::: SOURCE DATA

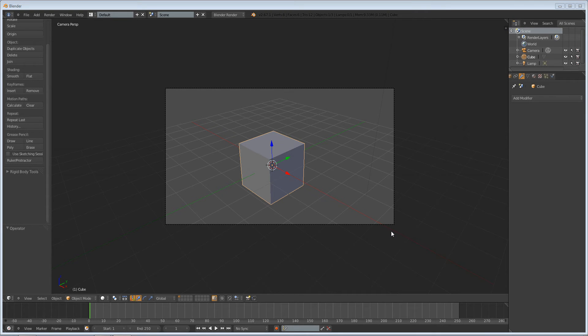Hello, my name is Ben Morgan, and in this tutorial I'm going to teach you guys how to make a waving flag in Blender. Let's get started.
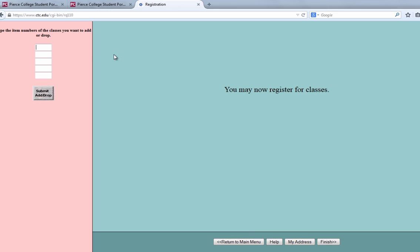When you're ready to register for your classes, make sure to type in the item numbers for the classes that you want to register for. Once you type in the numbers, please click Submit Add/Drop.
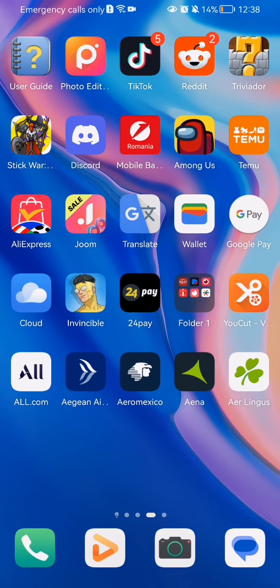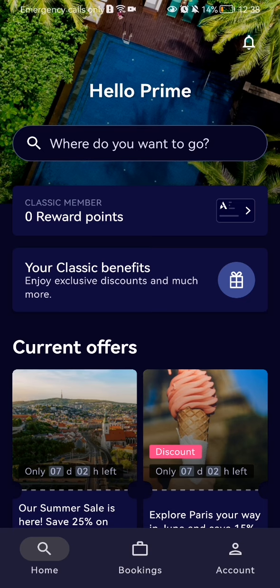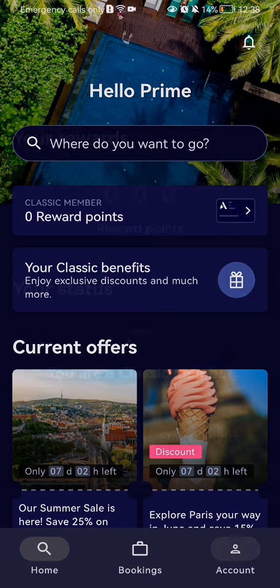The first thing you need to do is enter the app. Once you're on the home page, look down below in the right corner and you will find the profile option there. Press on it.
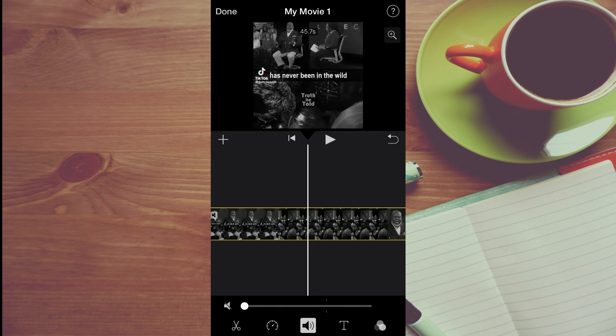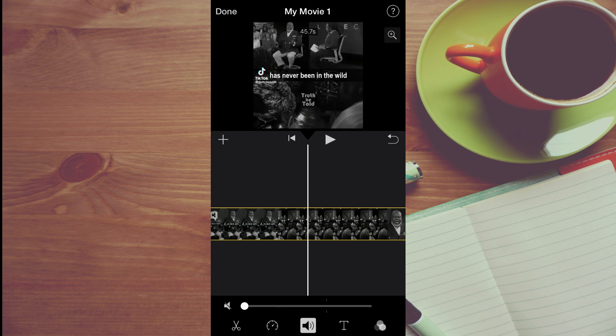And that's it. That's how to adjust audio volume in iMovie on your iPhone. Hope you found this video helpful and informative. If you did, be sure to hit the like button and subscribe, and thank you for watching.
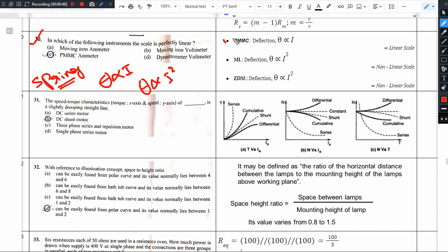In the PMMC instrument, as per the fundamental theory you should know, theta is directly proportional to i. In a moving iron instrument, theta is directly proportional to i², and in the electrodynamometer type, theta is also directly proportional to i².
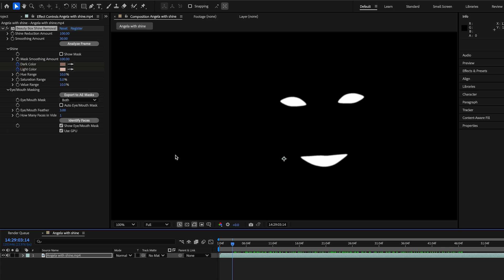And then the other cool thing that you can do with this is that the face detection and face parsing, all that stuff is actually generating splines. And we're turning that into a black and white mask that tells shine removal not to de-shine the eyes and the mouth. That's what the eye mouth mask is doing. But behind the scenes, this is all just spline data.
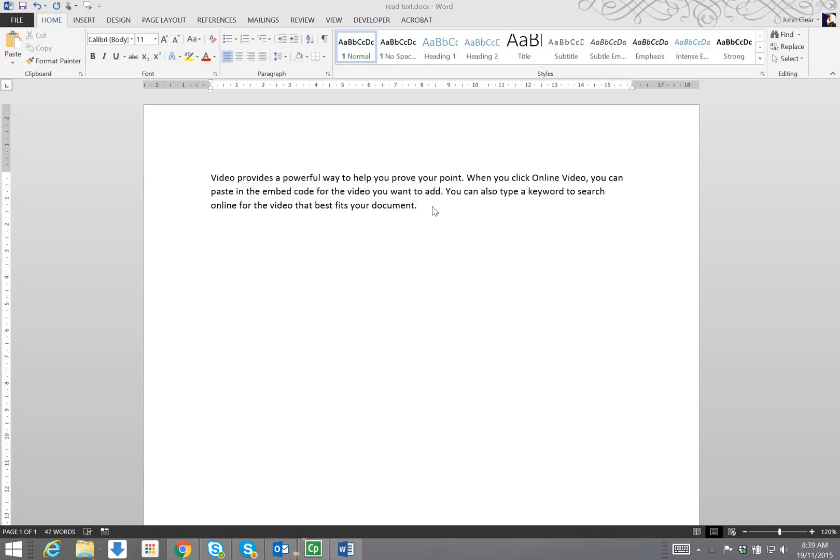I'm deliberately recording this without a plugged in USB microphone, just using the microphone from my computer for a reason.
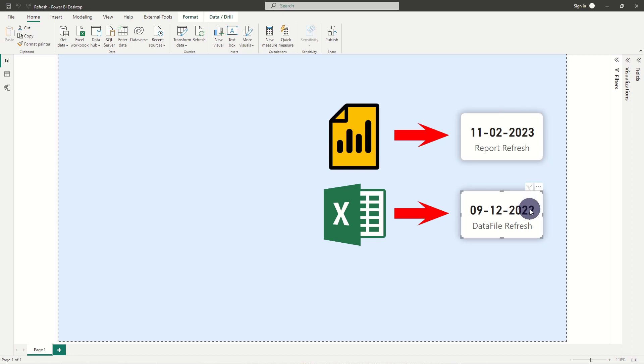If your Power BI report updates daily but the data file source is only updated monthly, you should use the refresh date for the data file.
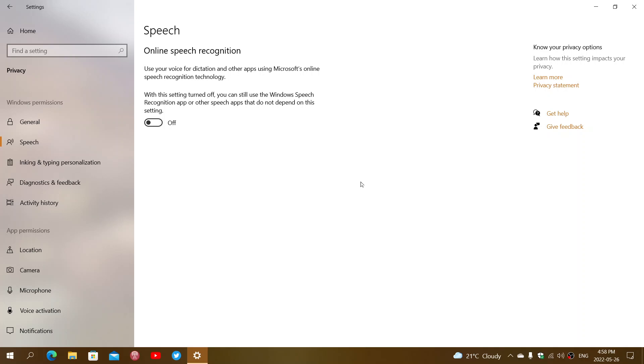So it's all, once again, up to you on what privacy level you actually expect. A lot of people are wary today of having anything sent online for privacy concerns.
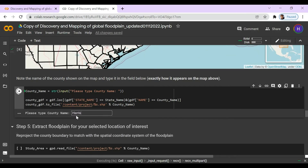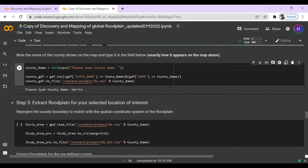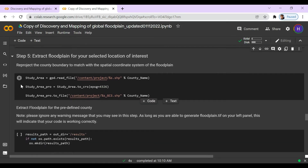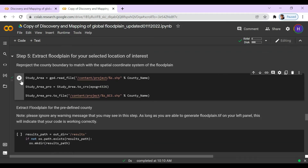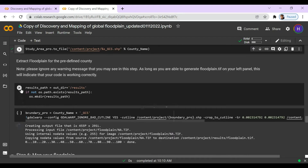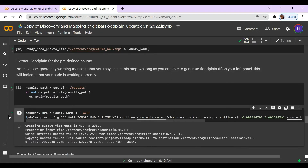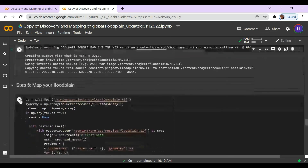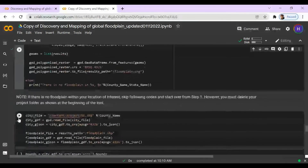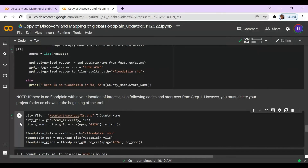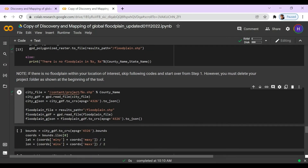And press enter. Now we're going to go ahead and extract the floodplain. Be sure to click all the play buttons in order to avoid any errors. Now we can go ahead and map our floodplain. Here is an important note: if there's no floodplain within our location of interest, we're going to skip the following codes and start over at step one and choose a different location.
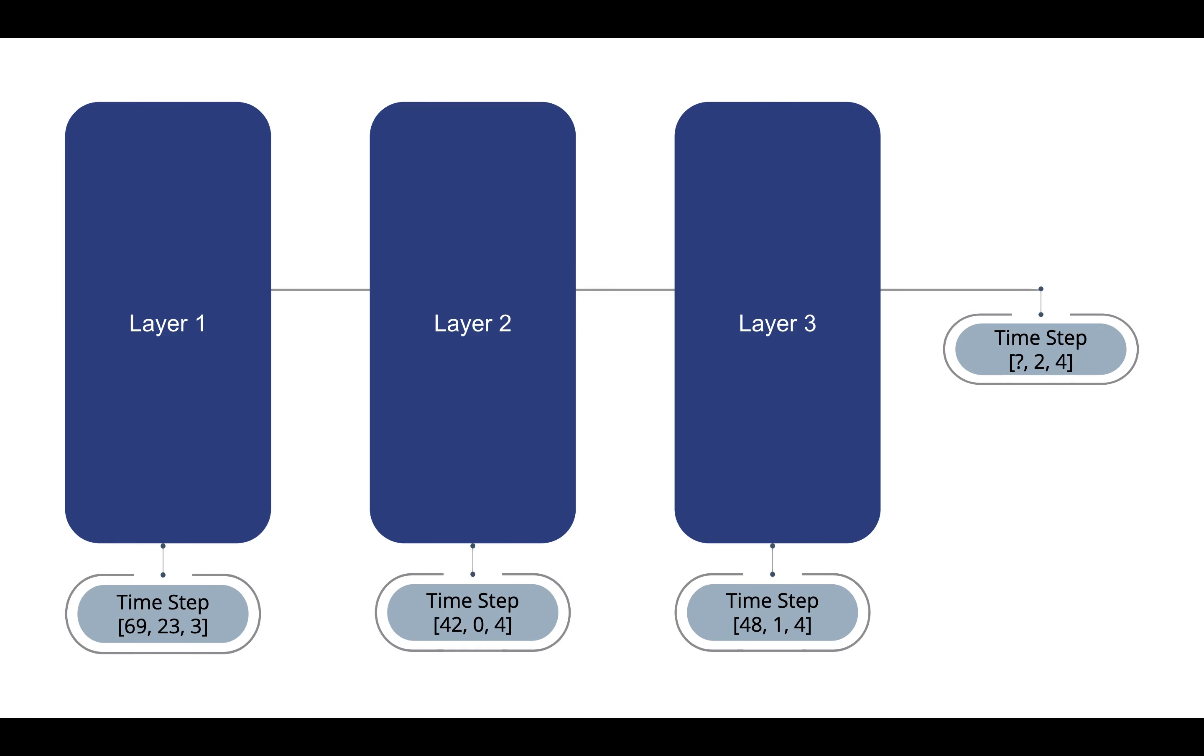Each time step is fed into a single layer and the output from the previous layer is also used as input for the current layer. Data is fed along layer by layer until it reaches the final output.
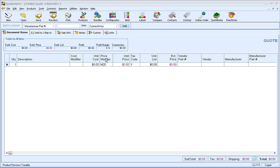QuoteWorks can be used to create many more documents in the sales process, including estimates, proposals, orders, invoices, sales orders, packing slips, and more. This video will demonstrate how you can create proposals with QuoteWorks.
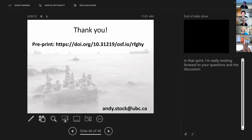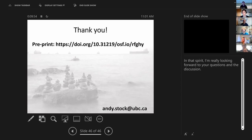Sheila closed the session by thanking Andy for a great talk, noting the work will be useful for the Ecoscope project. She reminded attendees that there is no speaker yet for January, and anyone who wants to give a talk should reach out. She also noted that the live YouTube stream did not work as planned, but the recording will be posted to YouTube within a day or two, with a link sent around.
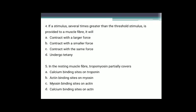Question 4: If a stimulus several times greater than the threshold stimulus is provided to a muscle fiber, it will — contract with a larger force, contract with a smaller force, contract with the same force, or undergo tetany? The correct answer is option C, contract with the same force. A muscle fiber contracts only when it receives a stimulus at threshold intensity; response is not proportionate to intensity. Above threshold, a muscle fiber always contracts with maximum force irrespective of stimulus strength.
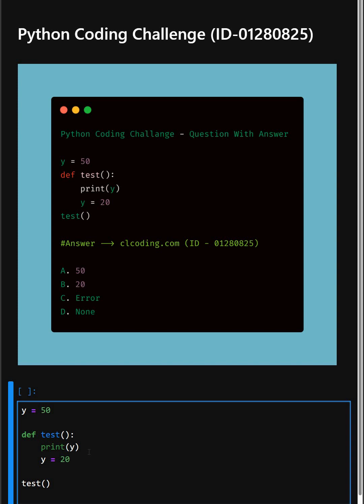when print y is executed, Python tries to use the local variable y. But at the moment, the local variable hasn't been assigned yet. This leads to an UnboundLocalError, because Python thinks you are referencing a local variable before assigning it.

::::::

__TASK ITEM__. The stretch to restate runs from the line above containing "In the PMMC" through the line containing "Each time step". Copy it word for word, ends included, without pictures.

__RESPONSE FOR THIS EXERCISE__.
In the PMMC instrument, as per the fundamental theory you should know, theta is directly proportional to i. In a moving iron instrument, theta is directly proportional to i², and in the electrodynamometer type, theta is also directly proportional to i².
And then the other cool thing that you can do with this is that the face detection and face parsing, all that stuff is actually generating splines. And we're turning that into a black and white mask that tells shine removal not to de-shine the eyes and the mouth. That's what the eye mouth mask is doing. But behind the scenes, this is all just spline data.
I'm deliberately recording this without a plugged in USB microphone, just using the microphone from my computer for a reason.
If your Power BI report updates daily but the data file source is only updated monthly, you should use the refresh date for the data file.
So it's all, once again, up to you on what privacy level you actually expect. A lot of people are wary today of having anything sent online for privacy concerns.
And press enter. Now we're going to go ahead and extract the floodplain. Be sure to click all the play buttons in order to avoid any errors. Now we can go ahead and map our floodplain. Here is an important note: if there's no floodplain within our location of interest, we're going to skip the following codes and start over at step one and choose a different location.
Each time step is fed into a single layer and the output from the previous layer is also used as input for the current layer. Data is fed along layer by layer until it reaches the final output.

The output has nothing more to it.